§ **THE DATA**:

.....

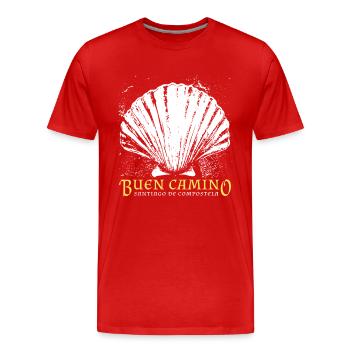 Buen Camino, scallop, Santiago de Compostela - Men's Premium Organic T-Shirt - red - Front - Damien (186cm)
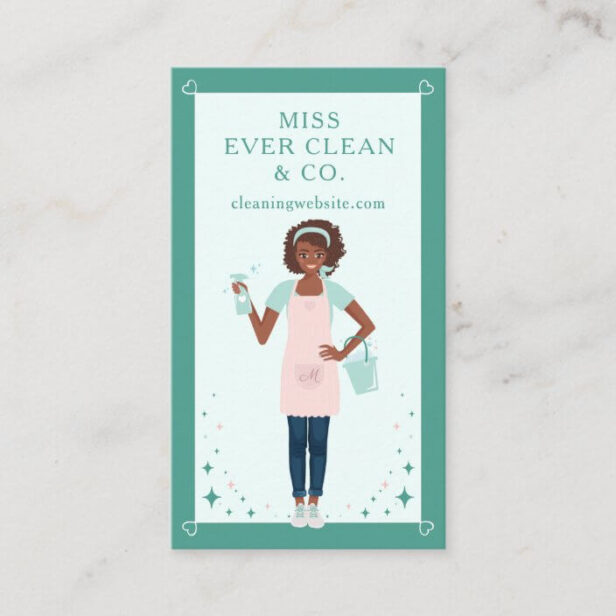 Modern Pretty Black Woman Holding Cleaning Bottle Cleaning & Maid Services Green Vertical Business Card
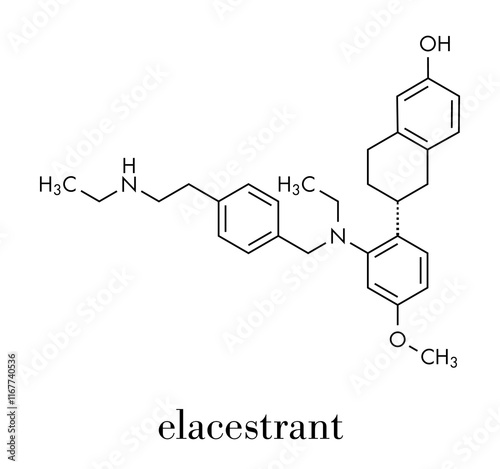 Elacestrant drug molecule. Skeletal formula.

.....

§ **TASK TO CARRY OUT**: Transcribe all of the data above exactly; no picture belongs in the copy.

§ **SOLUTION TO THE EXERCISE**:
 Buen Camino, scallop, Santiago de Compostela - Men's Premium Organic T-Shirt - red - Front - Damien (186cm)
 Modern Pretty Black Woman Holding Cleaning Bottle Cleaning & Maid Services Green Vertical Business Card
 Elacestrant drug molecule. Skeletal formula.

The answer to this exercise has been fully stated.